Un groupe international de scientifiques a identifié un écosystème prospère dans l'un des environnements les plus extrêmes de la Terre : le lac Enigma, situé dans les contreforts nord de la Terre de Victoria, en Antarctique. Ce lac, recouvert par 14 mètres de glace permanente, a révélé un vaste corps d'eau liquide abritant un écosystème microbien jusqu'alors inconnu.
Découvert en 1989 et initialement considéré comme complètement gelé, le lac Enigma émerge comme un trésor caché sous des couches de glace. De nouvelles recherches menées entre novembre 2019 et janvier 2020 ont confirmé, grâce à des études radar, la présence d'eau liquide stratifiée sous sa surface.
Le projet, financé par le Programme national de recherche antarctique, a permis aux scientifiques de forer à travers la couche de glace épaisse et d'utiliser des caméras sous-marines pour explorer l'écosystème du plan d'eau. Ces techniques avancées ont révélé un environnement surprenant, riche en formes de vie adaptées à l'isolement, redéfinissant les connaissances sur l'habitabilité dans des conditions extrêmes.

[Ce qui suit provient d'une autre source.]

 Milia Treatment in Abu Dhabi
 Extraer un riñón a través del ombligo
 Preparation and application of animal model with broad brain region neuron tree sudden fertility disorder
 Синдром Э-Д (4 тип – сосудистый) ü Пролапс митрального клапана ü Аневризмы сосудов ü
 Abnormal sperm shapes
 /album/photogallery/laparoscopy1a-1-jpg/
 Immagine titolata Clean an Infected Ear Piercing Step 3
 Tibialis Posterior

Parmi les découvertes notables figure la présence de Patescibacteria — des bactéries ultra-petites identifiées par analyse ADN dans des échantillons d'eau. Ce groupe microbien n'avait jamais été enregistré dans des environnements subglaciaires. De plus, les chercheurs ont documenté des tapis microbiens uniques : des films coloniaux allant jusqu'à 40 centimètres de hauteur et 60 centimètres de diamètre, mettant en évidence la diversité de la vie dans ce lac.
Il est intéressant de noter que les cyanobactéries, courantes dans d'autres environnements antarctiques, sont presque absentes dans la colonne d'eau et la glace du lac Enigma, bien qu'elles soient présentes dans les tapis microbiens au fond. Cela ajoute un niveau de complexité à l'écosystème, qui pourrait inclure des relations symbiotiques ou prédatrices au sein de sa chaîne alimentaire.

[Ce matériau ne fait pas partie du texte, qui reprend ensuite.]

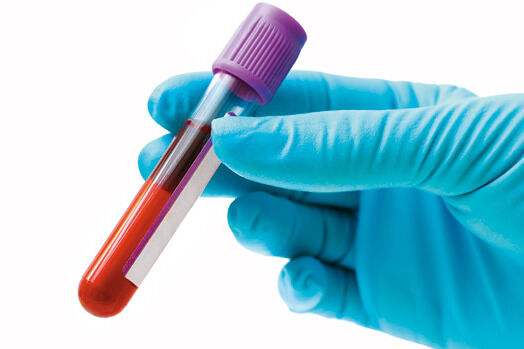 搜狐科学 |&nbsp;抽血也能查老年痴呆了！美国科学家发明的这种方法准确率高达94%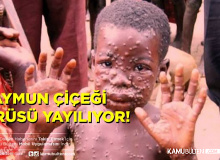 Maymun Çiçeği Virüsü  Avrupa'da Yayılıyor: 5 Ülkede Görüldü Tedavisi Yok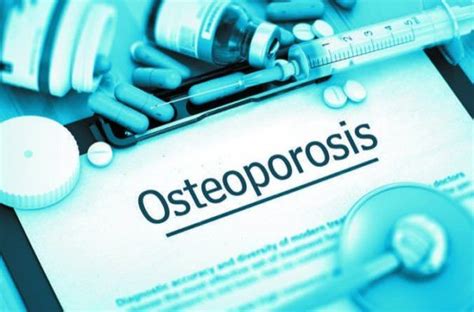 Osteoporosis Drugs Sorting Out The Options Arthritis Advisor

Cette découverte a non seulement des implications pour comprendre les extrêmes de la vie sur Terre, mais pourrait également être clé dans la recherche de la vie sur d'autres mondes. Des environnements similaires pourraient exister sur des lunes glacées comme Europe de Jupiter ou Encelade de Saturne, où l'on pense que des océans souterrains pourraient abriter des microorganismes.
“Nos découvertes offrent une fenêtre fascinante sur la manière dont la vie persiste dans des conditions extrêmes,” a commenté Stefano Urbini, coordinateur du projet à l'Institut national de géophysique et de volcanologie (INGV). “Elles offrent également un modèle pour comprendre les écosystèmes extraterrestres potentiels.”